• **PROBLEM STATEMENT**: Any picture in the range stays out of the copy; retype exactly the lines from the one with "Лечение кариеса с" to the end of the listing.
*** Opening DATA SECTION ***
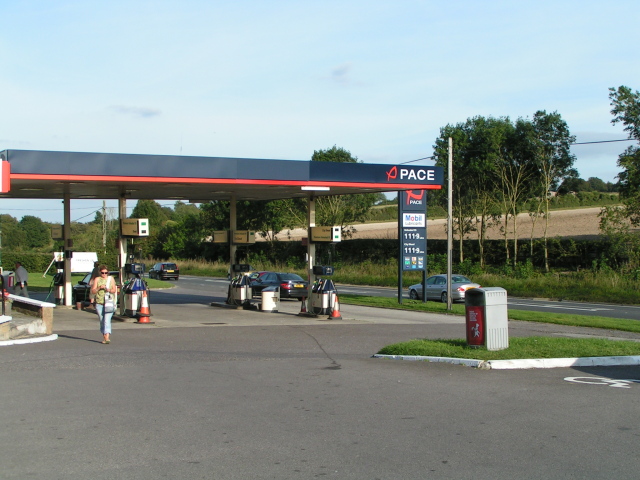 File:Chicklade Pace forecourt.jpg
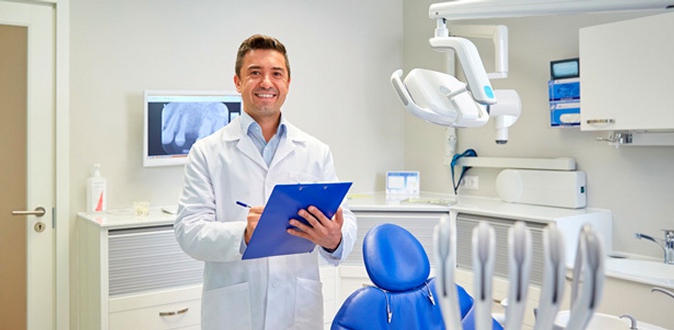 Лечение кариеса с установкой светоотверждаемой пломбы, УЗ-чистка зубов или эстетическая реставрация передних зубов в стоматологии Amon Dent.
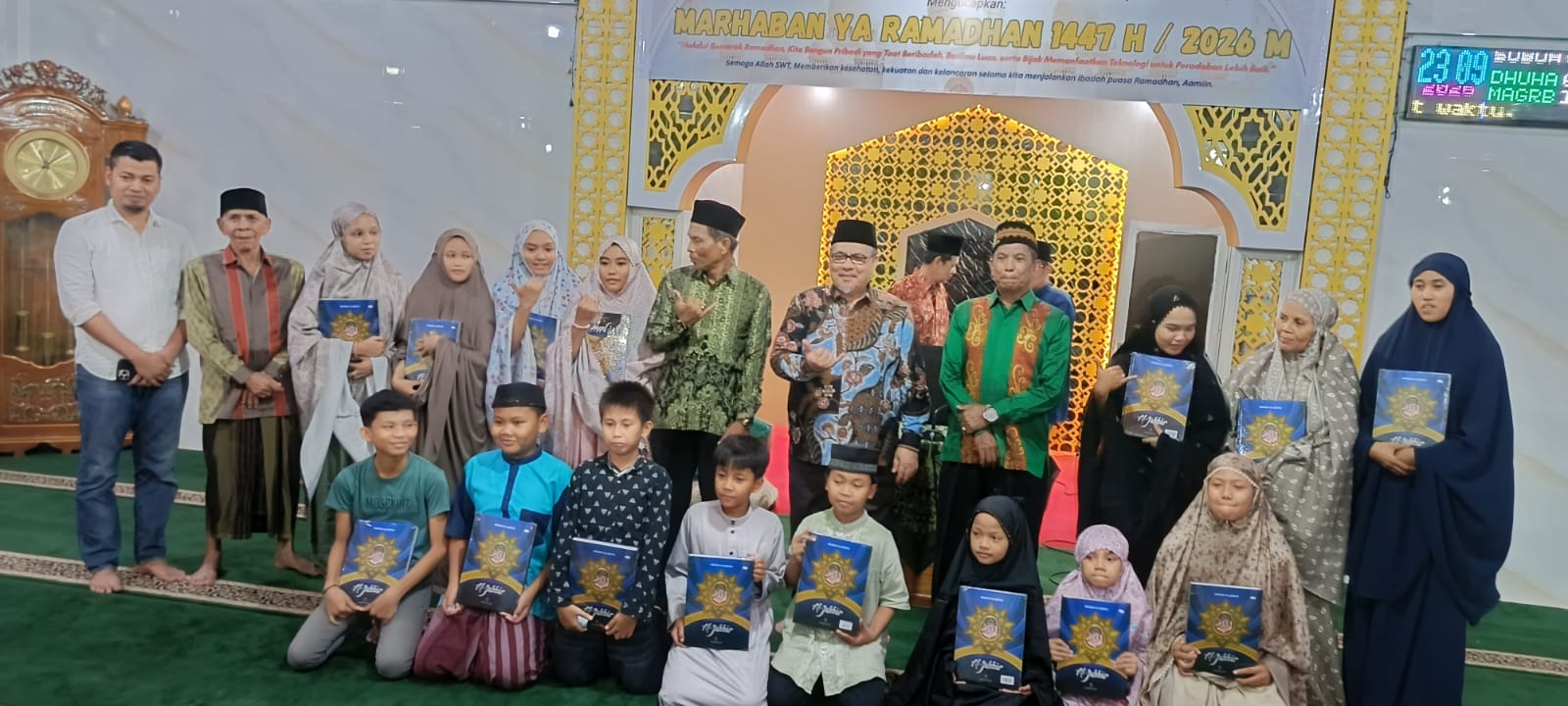 ketua-dprd-sumbar-apresiasi-aktivitas-sosial-di-masjid-al-furqan-lubuk-buaya,-muhidi:-perkuat-pemberdayaan-umkm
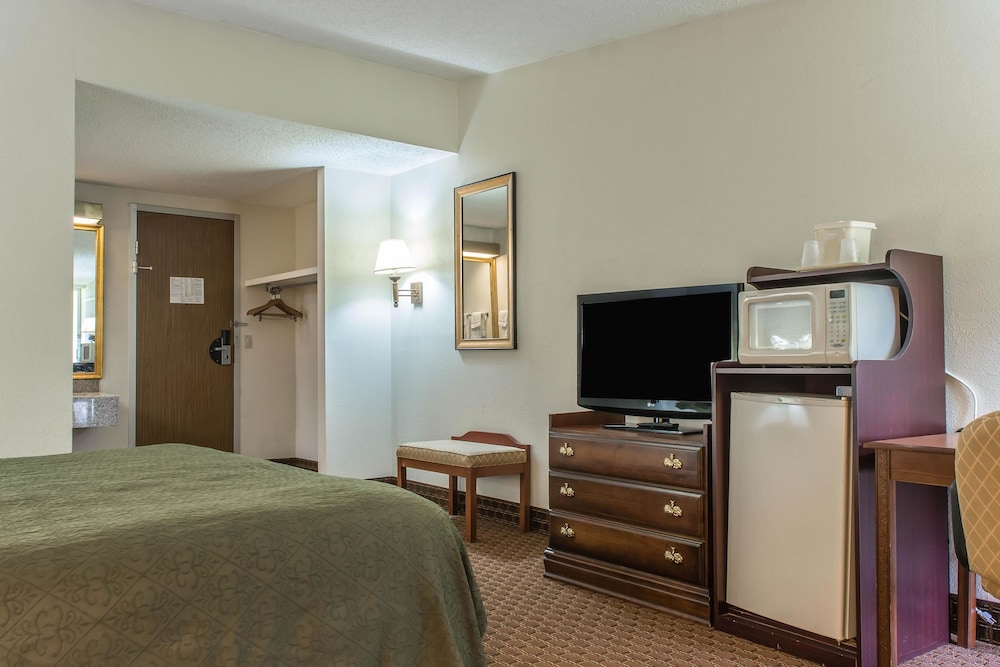 Standard Room, 1 King Bed, Non Smoking - Photo 2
*** Closing DATA SECTION ***
• **WRITTEN ANSWER**:
 Лечение кариеса с установкой светоотверждаемой пломбы, УЗ-чистка зубов или эстетическая реставрация передних зубов в стоматологии Amon Dent.
 ketua-dprd-sumbar-apresiasi-aktivitas-sosial-di-masjid-al-furqan-lubuk-buaya,-muhidi:-perkuat-pemberdayaan-umkm
 Standard Room, 1 King Bed, Non Smoking - Photo 2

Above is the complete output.